At least the cut to the negotiating table is as gentle as it can be. There’s just enough back-and-forth here to remind us how long these conflicts have simmered, and how repetitive they get, and that somehow, everything always comes out in Earth’s favor.

What Holden does in the end, finally, brilliantly, is make a giant decision with repercussions for all of humanity—after talking to the people it’s going to affect the most. He doesn’t drop the presidency into Drummer’s lap without her consent and her acceptance. He takes power for the sole purpose of giving it up again. It’s something Avasarala would never expect because it would never cross her mind, and she immediately wants to fight him on it. But I think she’s too smart to undo it. It would undo every single thing they fought side by side for, and every single thing Drummer said when she named exactly what has always been done to the Belt:

“I will not be reasoned back into my place. Belters are promised a future so long as it remains convenient. We are given a voice so long as Inners control the comm. We have a vote so long as we can be voted down.”

Screenshot: Prime Video

Sometimes you have to break the system to make it truly work for everyone. Sometimes the person with power has to be willing to give that power up. Some systems need to be entirely unmade and rebuilt so that they actually serve the people they are meant to serve. The Expanse, in the end, is a story about doing that—about breaking things to make them better, and about what it really takes to make a better future. Sacrifices are required, and I don’t mean giving up plastic straws. I mean being willing to consider all our systems and who they actually serve.

The Expanse is also a story about a bunch of random people thrown together by strange twists of fate who grow into a family and wind up saving the day a whole lot. They’ve been through so much, from the Cant to Eros to the Behemoth to Ilus to a post-apocalyptic world—and to one more eve-of-battle dinner together on the Rocinante. (An absolutely perfect scene, that one.) But this show is always at least two things. In the same way that it’s space politics and action and it’s a character drama, it’s a story with a huge scope and big stakes and an intimate story about how we can be better, piece by piece, person by person. Systems need changing, but people do, too. And Naomi gets the last word on that when she tells Jim he did the right thing:

“You did. You followed your conscience in the hope that others would follow theirs. You didn’t do it for a reward or a pat on the head. The universe never tells us if we did right or wrong. It’s more important to try to help people than to know that you did. More important that someone else’s life gets better than for you to feel good about yourself. You never know the effect you might have on someone, not really. Maybe one cool thing you said haunts them forever. Maybe one moment of kindness gives them comfort or courage. Maybe you said the one thing they needed to hear. It doesn’t matter if you ever know. You just have to try.”

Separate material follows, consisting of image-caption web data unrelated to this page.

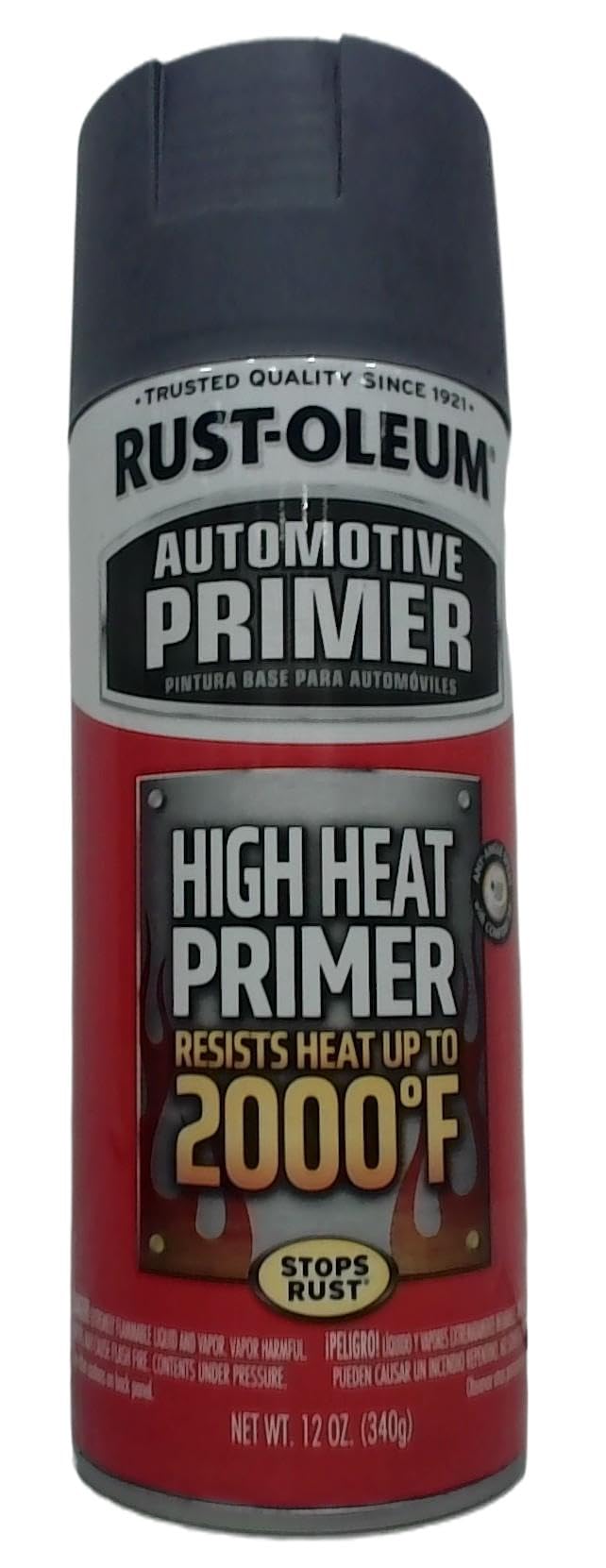 RUSt-OlEUm Automotive High Heat Primer Spray Paint, Gray, 340 Gm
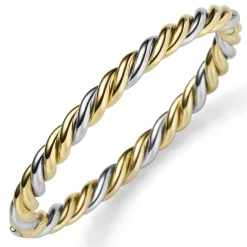 Kordel Armreif Armband Armschmuck 585 Gold gelb/weiß bicolor 6mm breit, glänzend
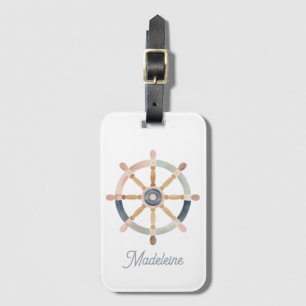 Nautical Cruise Vacation Ships Wheel Modern Luggage Tag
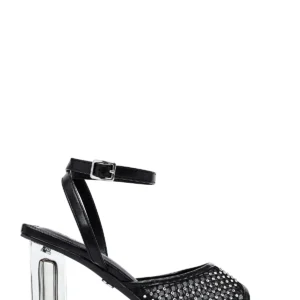کفش صندل زنانه پاشنه بلند شفاف مشکی با بند مچ و تزئینات سنگی برند Derimod - 8243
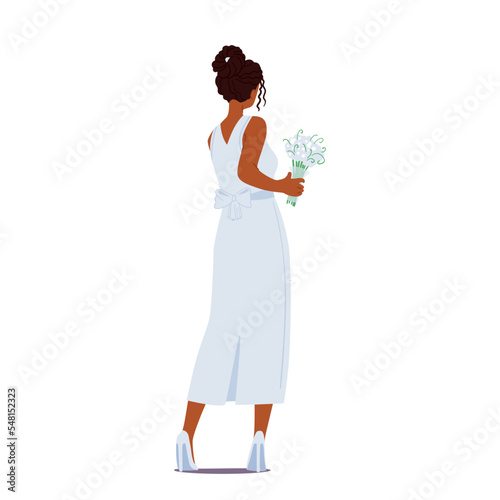 Beautiful Stylish Bride in Elegant Dress and Hairstyle Holding Bouquet Rear View. Fashioned Female Ready for Wedding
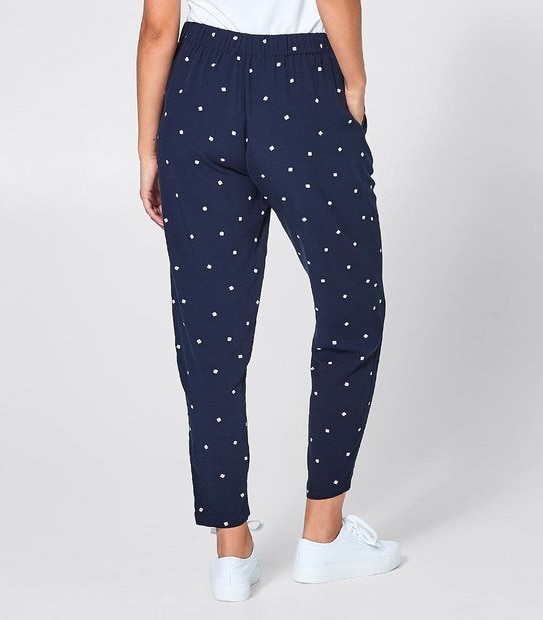 Soft Jogger Pants - Navy Blue Geo Print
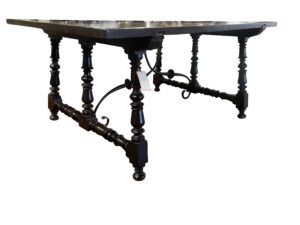 A Wide, Circa 1750 Spanish Walnut Table with Turned Legs and Wrought Iron Stretchers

As she talks, we learn what Naomi will never know: Filip left the Pella. He’s Filip Nagata now, and he’s Filip Nagata because she did what she could with him: She tried.

Screenshot: Prime Video

I don’t want to call Naomi Nagata the heart of The Expanse, because this is a show with a lot of heart to go around. But Naomi has been an engineer in more ways than one. Think of her talking Lucia down in season four, or her desperate plan to save her friends–and maybe herself—last season, when she was trapped on a rigged-to-blow ship. She puts things together. She does math-math and people-math. Her friendship with Drummer has been a constant, and that too is something that’s mattered, on story and character levels, again and again. She’s the one who figures things out and figures people out, while Amos is Amos and Holden makes sweeping decisions because he’s the captain and he has to. She was a great character on the page, and Dominique Tipper brought even more layers to her. Her whole arc, from prickly and defiant to strong and certain and wise, is a gorgeous, resonant slow burn.

Sometimes I think about an early ad for The Expanse, a poster I saw everywhere that showed Julie Mao floating in space with a tagline that read “We’ve gone too far.” This made it sound like The Expanse was another story about how space is scaaaaary, how we should be afraid of whatever else is out there. I didn’t want to watch the show that those posters seemed to be advertising. But I’m so glad I watched The Expanse, which is something else entirely.

What wasn’t clear, back then, was that it was the “we” that mattered. We as in people. We as in the people who took alien technology and immediately tried to make weapons out of it. We as in humanity, replicating the cruelty and oppression of Earth on a system-wide scale. And we as in the people who can still change, still make better choices, still learn when to make decisions and when to step aside. The Expanse is bleak and it’s hopeful, and this ending is in keeping with how the books end—lighter, with fewer losses, but with just the right tone.

I’m really going to miss this show.

Molly Templeton lives and writes in Oregon, and spends as much time as possible in the woods. Sometimes she talks about books on Twitter.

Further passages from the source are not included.